Another in the old-but-newly-released-to-the-public tutorials: Blind hemming by hand. Again, poor image quality. Sorry about that. This particular set of instructions was to encourage new costumers to hand-hem their garments, rather than running them through the sewing machine and leaving that telltale line of stitching that is easily identifiable in close range. Sometimes you don't have a choice, but it's always nice to hide your machine stitching whenever possible. It's that whole "suspension of disbelief" thing.
If you are finishing an unlined garment, you may find that hemming by hand is the best option. This is one of multiple techniques for hand-finishing a hem. It is good for any edge of an unlined garment – especially in places where you don’t want machine stitching to show.
What You’ll Need:
Step 1: With the wrong side facing you, turn the edge of the garment up at least ½”, and then fold it up again. Pieces like skirts and cloaks will generally look better with a deeper hem – say, about 3”. Pin your new folded edge in place. In a cross section, your garment will look like this.
Step 2: Hide the knot on your thread inside the hem, if you can. Push your needle up through the fold.
Step 3: Use your needle to pick up 2 or 3 threads from your skirt. Avoid picking up too many, or you will end up with an obvious stitch line in your clothes.

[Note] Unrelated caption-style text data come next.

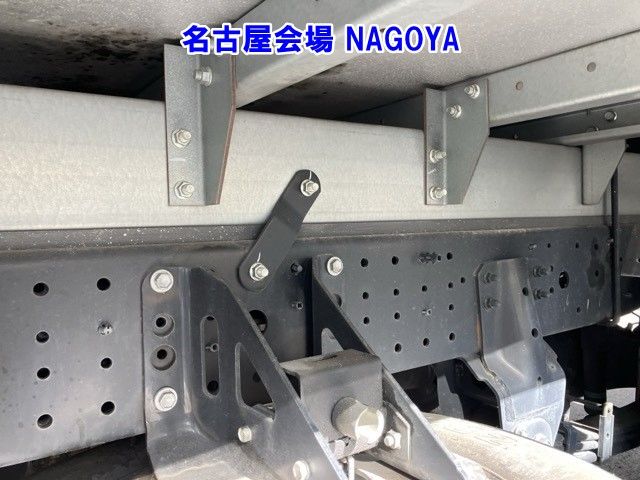 2021 Hino Dutro Aluminum van auction photo 12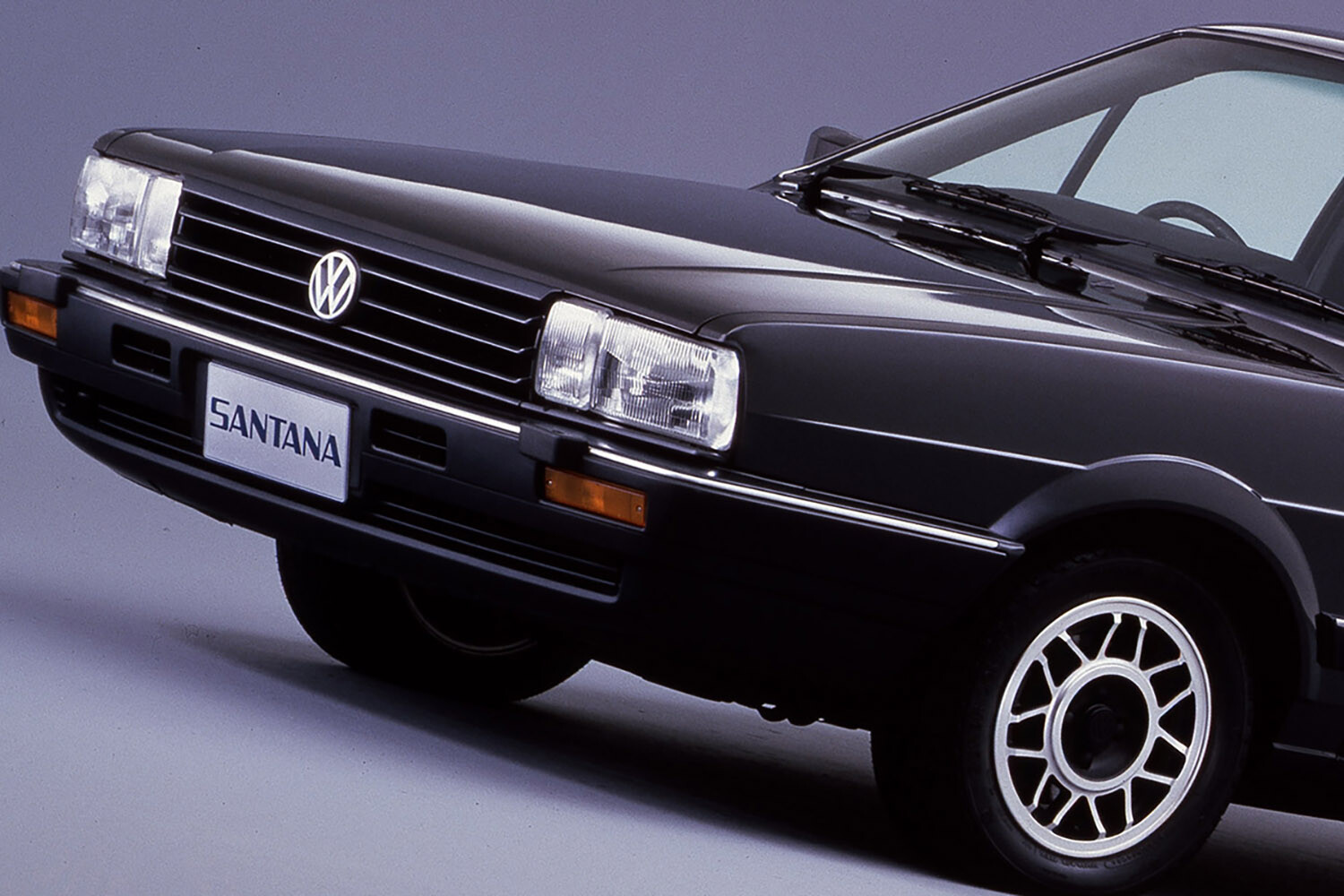 VWマークのクルマだけど日産が作って日産ディーラーでも売ってたってどういうこと？　技術の日産が技術を学んだ「VWサンタナ」とは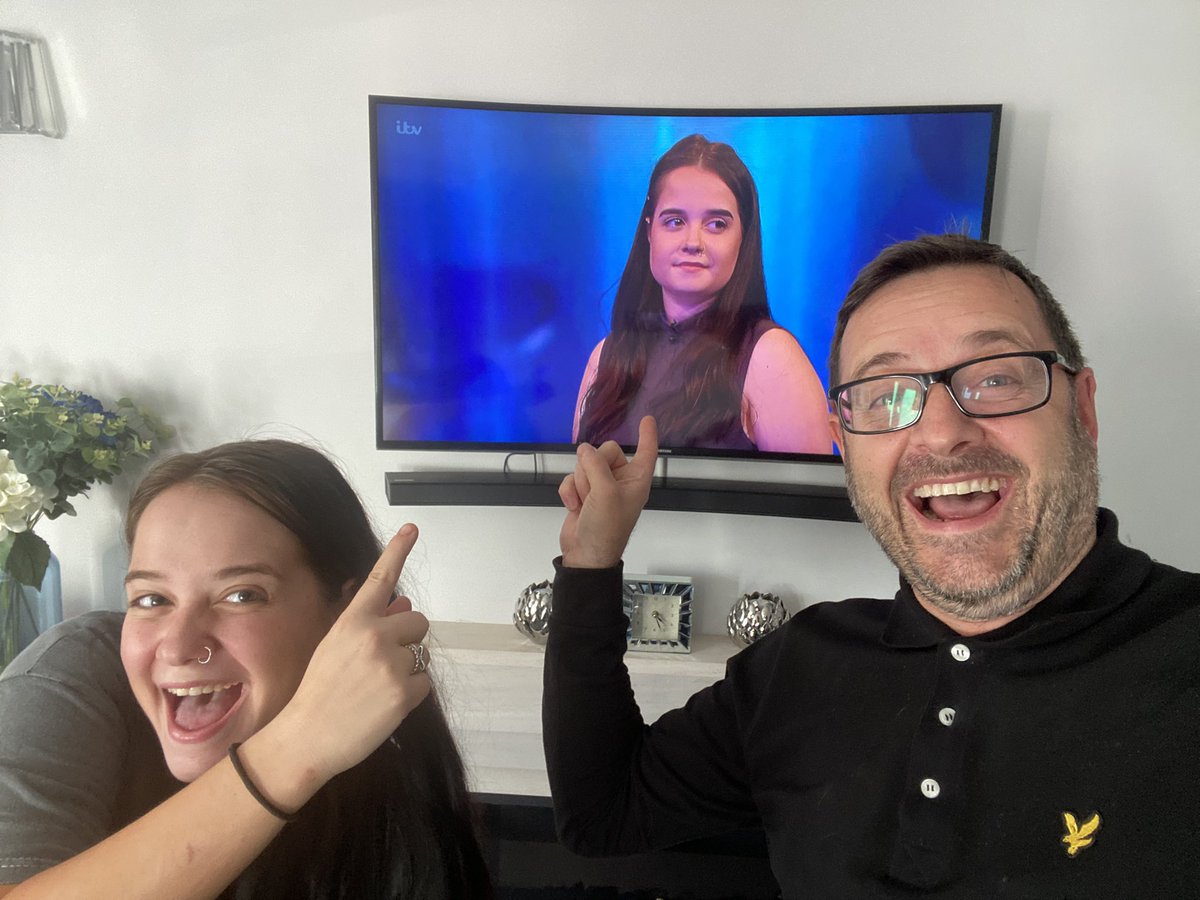 Look who’s on the TV, my daughter Becs on Tipping Point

Step 4: Push your needle back down into the folded portion of the hem and back out again. Your stitch length should ideally be between ¼” and ½” apart. Do not attempt to make big running stitches - I did that on my first Faire skirt, back in high school, with mildly disastrous results. Long story short: You will end up with big gaps and tear out your hem the first day. And possibly attempt to fix the problem with duct tape, because you have to get back to making crepes and roast beef sandwiches, and regret your hasty decision the rest of the weekend. Or be forced to use a stapler the booth manager hands you, because it's all there is and those strawberries aren't going to cut themselves. Moving on...
Step 5: Keep stitching away until your hem is complete. When you’re done, the right side of your garment should look something like this (my example is bubbly because I didn’t bother to press it, but do press your hem).